INFORMATION PROVIDED:

═══

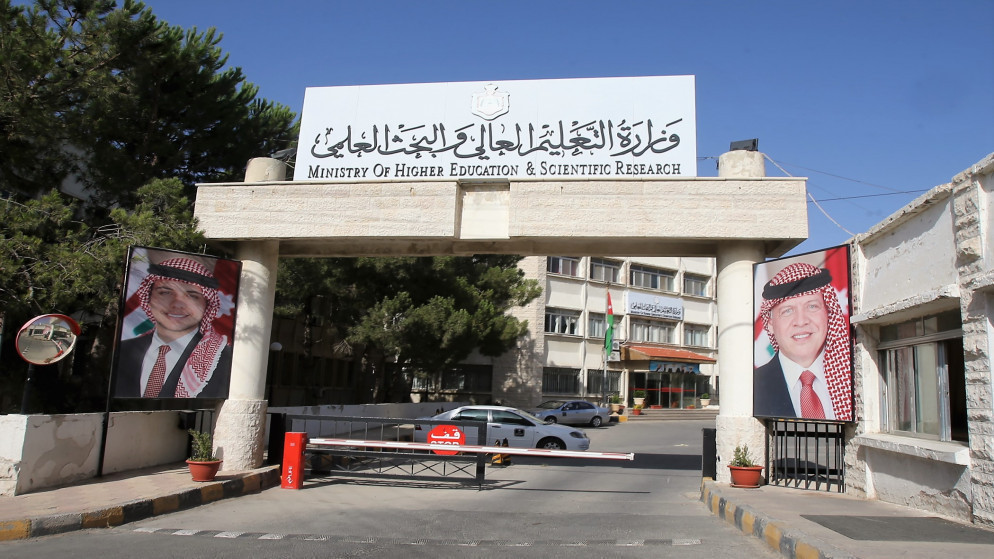 بـ 5 ملايين دينار .. استكمال المرحلة النهائية لصرف مستحقات طلبة المنح والقروض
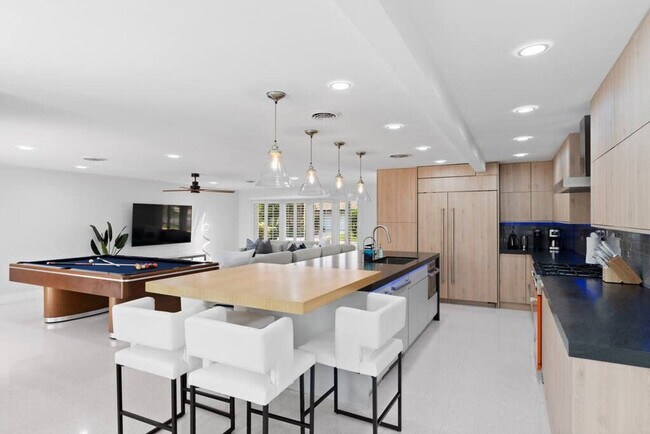 Photo - 4710 NE 27th Ave Unit ID1023052P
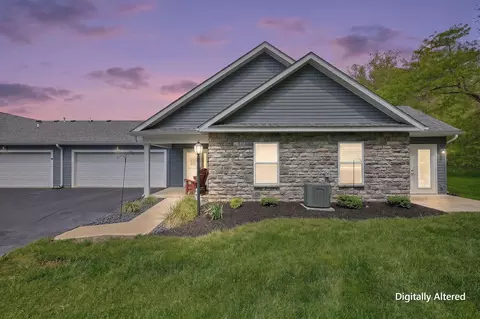 1352 Epworth Forest Dr, Lancaster, OH 43130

═══

EXERCISE GOAL: Now repeat exactly the lines from the one with "Photo - 4710 NE 27th Ave Unit ID1023052P" through the end of the listing above, both included, omitting all pictures.

FINISHED TASK:
 Photo - 4710 NE 27th Ave Unit ID1023052P
 1352 Epworth Forest Dr, Lancaster, OH 43130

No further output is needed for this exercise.